In this work we study the self-integral of a function-measure kernel and its importance on stochastic integration. A continuous-function measure kernel $K$ over $D \subset \mathbb{R}^{d}$ is a function of two variables which acts as a continuous function in the first variable and as a real Radon measure in the second. Some analytical properties of such kernels are studied, particularly in the case of cross-positive-definite type kernels. The self-integral of $K$ over a bounded set $D$ is the "integral of $K$ with respect to itself". It is defined using Riemann sums and denoted $\int_{D}K(x,dx)$. Some examples where such notion is well-defined are presented. This concept turns out to be crucial for unique-definiteness of stochastic integrals, that is, when the integral is independent of the way of approaching it. If $K$ is the cross-covariance kernel between a mean-square continuous stochastic process $Z$ and a random measure with measure covariance structure $M$, $\int_{D}K(x,dx)$ is the expectation of the stochastic integral $\int_{D} ZdM$ when both are uniquely-defined. It is also proven that when $Z$ and $M$ are jointly Gaussian, self-integrability properties on $K$ are necessary and sufficient to guarantee the unique-definiteness of $\int_{D}ZdM$. Results on integrations over subsets, as well as potential $\sigma$-additive structures are obtained.

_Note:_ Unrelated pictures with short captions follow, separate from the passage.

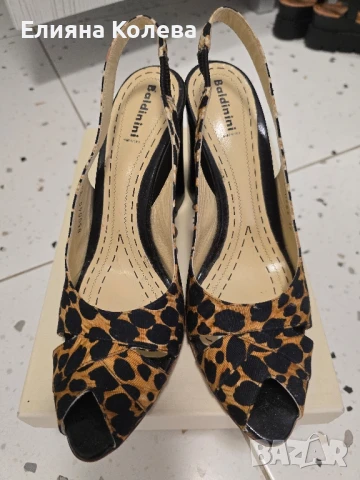 Дамски сандали, снимка 2 - Сандали - 50854012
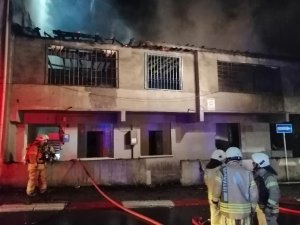 Sultanbeyli’de metruk evde yangın çıktı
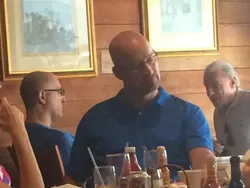 Ini Lucu, Orang Bertemu Kembarannya di Jalan Tanpa Sengaja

Three applications of these results are proposed, involving tensor products of Gaussian random measures, the study of a uniquely-defined stochastic integral with respect to fractional Brownian motion with Hurst index $H > \frac{1}{2}$, and the non-uniquely-defined stochastic integrals with respect to orthogonal random measures. The studied stochastic integrals are defined without use of martingale-type conditions, providing a potential filtration-free approach to stochastic calculus grounded on covariance structures.